I conti, quelli del generale John Sattler, non tornano affatto: ai 2000
cosidetti insorti uccisi devono aggiungersi altre migliaia di civili periti
sotto il fuoco americano; se è poi fosse vero che il numero dei profughi
riammessi nella città devastata è di 100.000, che fine hano fatto gli altri
200.000? Secondo la Mezzaluna rossa ed altre organizzazioni umanitarie che
operano sul campo sono poco più di 100.000 quelli rintracciati nelle
tendopoli di Baghdad e dintorni.

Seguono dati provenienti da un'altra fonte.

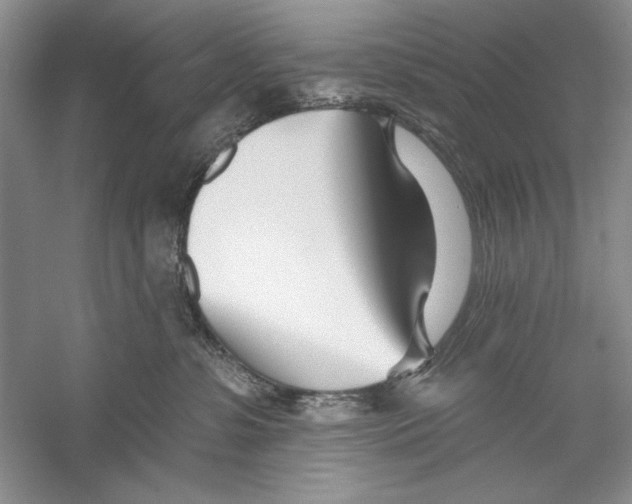 X0000052960331200508050955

Calcolando che ammontino a 40 o 50mila
quelli dispersi in case di parenti o amici nell'intero Iraq, ne mancano
all'appello altri 50.000.

Johnathan Steele e Dahr Jamail hanno scritto sul britannico Guardian che
«Falluja è la nostra Guernica». Una analogia approssimativa per difetto
perché statisticamente inesatta: il 26 aprile 1937 il bombardamento
«sperimentale» degli aerei tedeschi della legione Condor uccise circa 1.500
civili nella cittadina spagnola e tutto induce a credere che l'eccidio
protratto e ad alta tecnologia di Falluja abbia mietuto un numero ben più
elevato di vittime. Nella storia senza fine della umana barbarie Coventry e
Dresda potrebbero fornire paragoni più calzanti.

Troppo facile ma non meno calzante la citazione di Cornelio Tacito: «Lì dove
fanno un deserto, lo chiamano pace».